Write the data out again, character for character, with no images.
··· Provided data
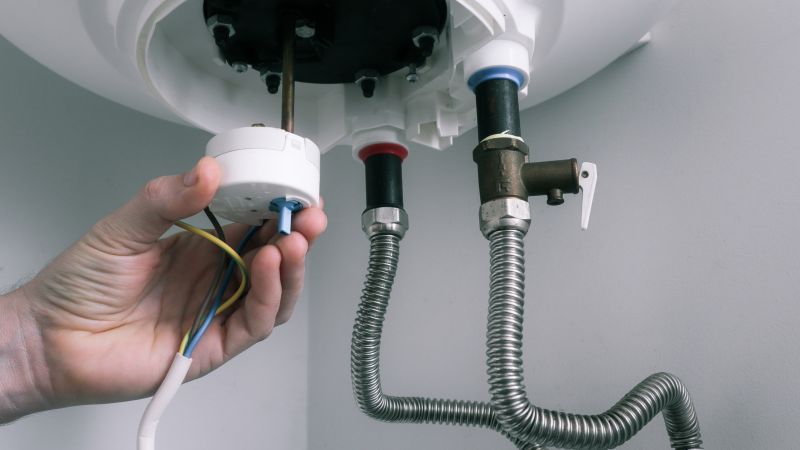 Hot Water Heater Service in Sacramento, CA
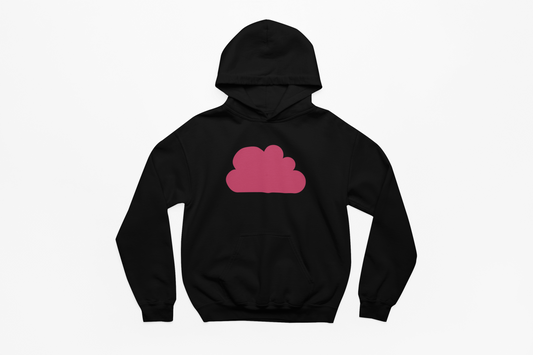 Pink Cloud Hoodie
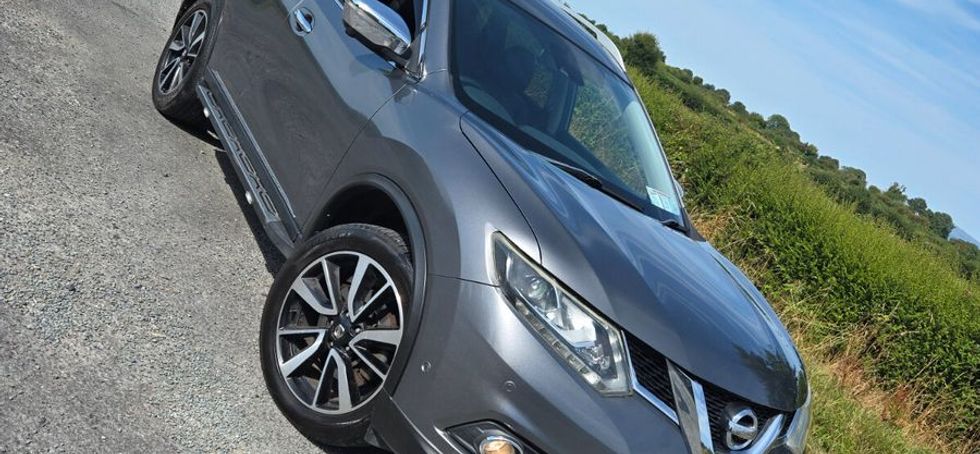 Nissan X-Trail 2016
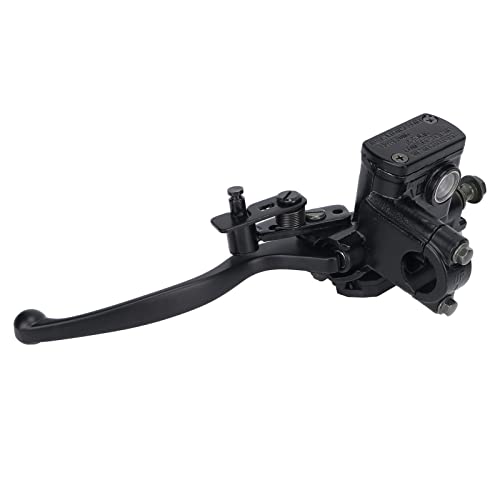Cilindro maestro de embrague de acero para disfrutar rutas en moto XR50 7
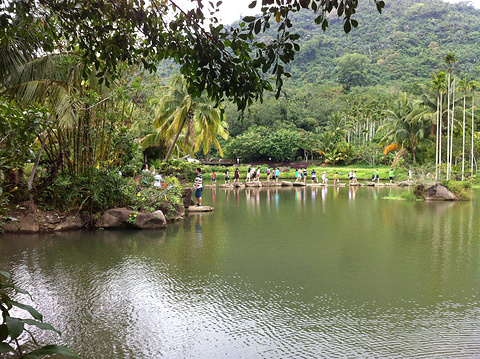 三亚热带雨林广场(Sanya Tropical Rainforest Square)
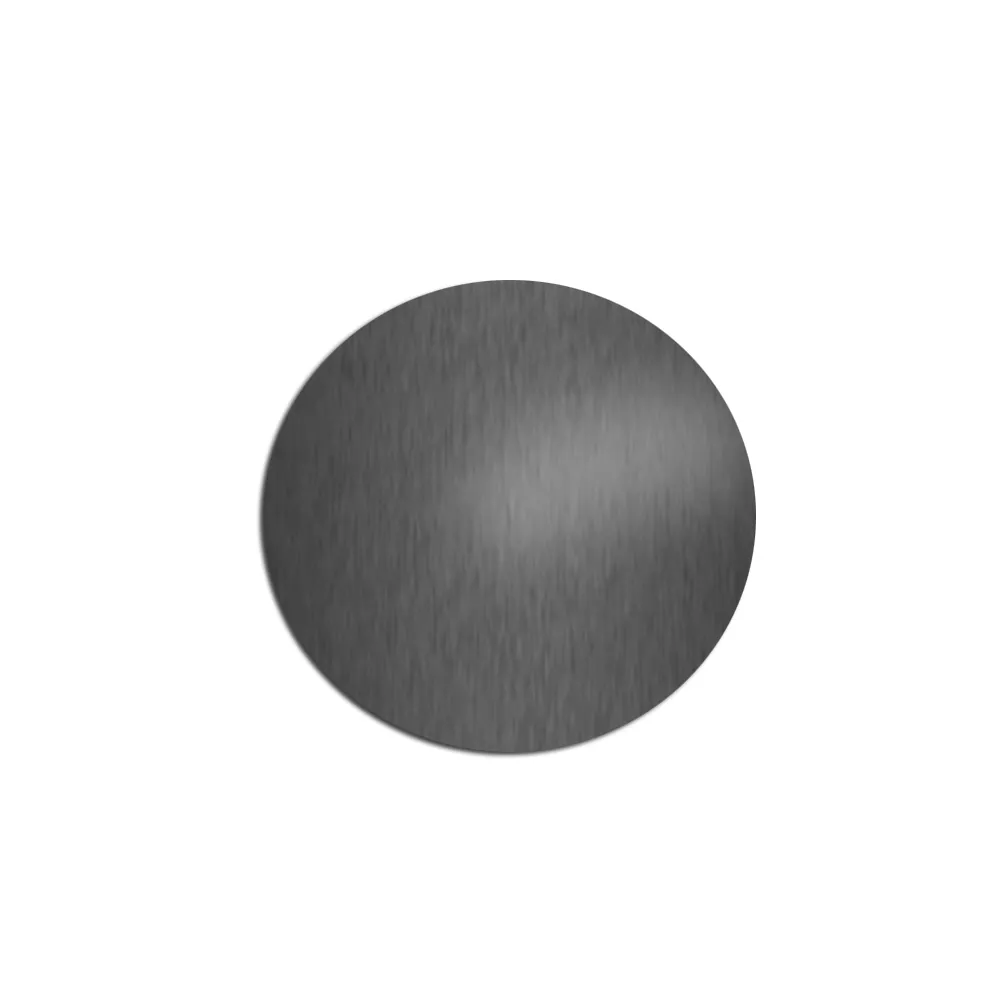Пластина для магнітного утримувача iLoungeMax Iron Plate Disk Round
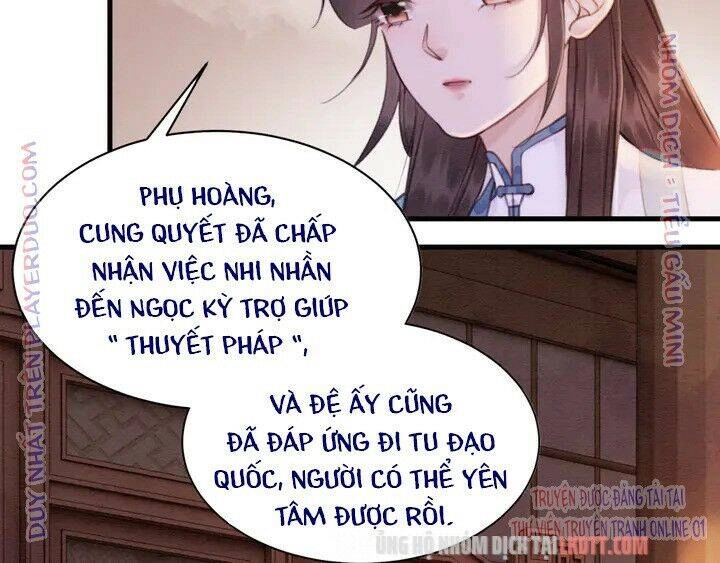 Trọng Sinh Bá Sủng Nhiếp Chính Vương Quá Mạnh Mẽ Chapter 162 - 43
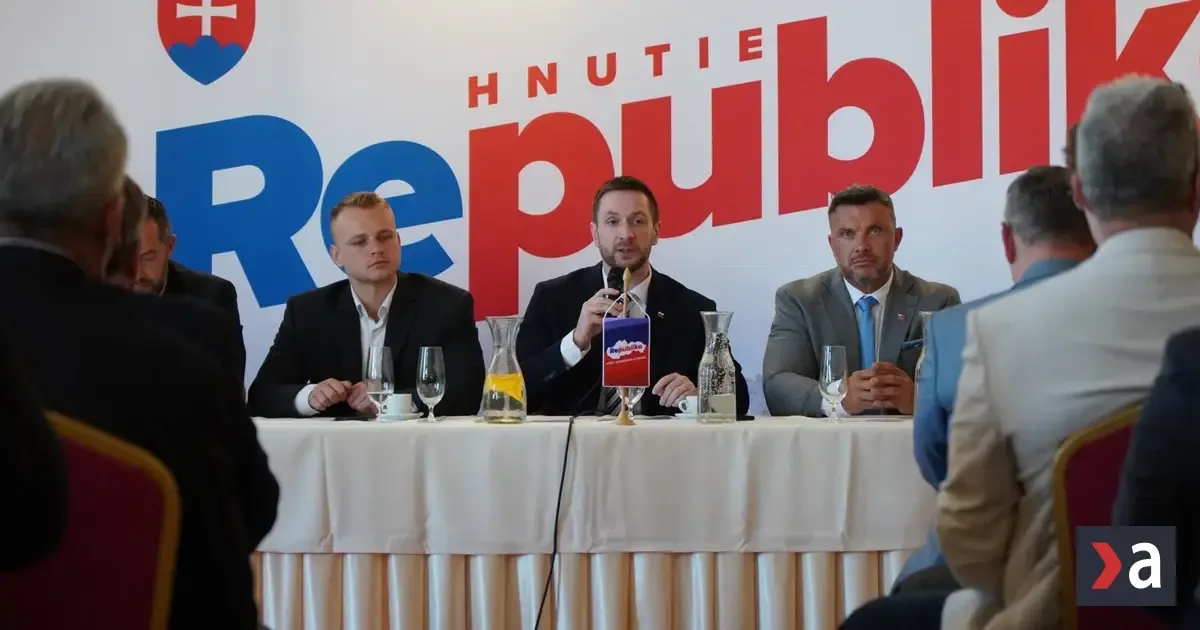 Hnutie Republika má viac starostov než PS, no získalo výrazne menej hlasov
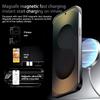 Безрамочный Магнитный Чехол Для Magsafe Samsung Galaxy S26 S25 Edge S24 S23 S22 Ultra Plus Градиентный Цвет Тонкий Мягкий PC Задняя Крышка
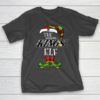 Los Angeles Kings Christmas ELF Funny NHL T-Shirt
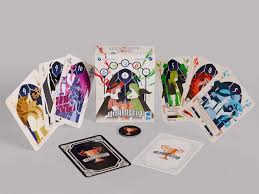 Wizards Cup [Board Game]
······
## Solution to the exercise:
 Hot Water Heater Service in Sacramento, CA
 Pink Cloud Hoodie
 Nissan X-Trail 2016
Cilindro maestro de embrague de acero para disfrutar rutas en moto XR50 7
 三亚热带雨林广场(Sanya Tropical Rainforest Square)
Пластина для магнітного утримувача iLoungeMax Iron Plate Disk Round
 Trọng Sinh Bá Sủng Nhiếp Chính Vương Quá Mạnh Mẽ Chapter 162 - 43
 Hnutie Republika má viac starostov než PS, no získalo výrazne menej hlasov
 Безрамочный Магнитный Чехол Для Magsafe Samsung Galaxy S26 S25 Edge S24 S23 S22 Ultra Plus Градиентный Цвет Тонкий Мягкий PC Задняя Крышка
 Los Angeles Kings Christmas ELF Funny NHL T-Shirt
 Wizards Cup [Board Game]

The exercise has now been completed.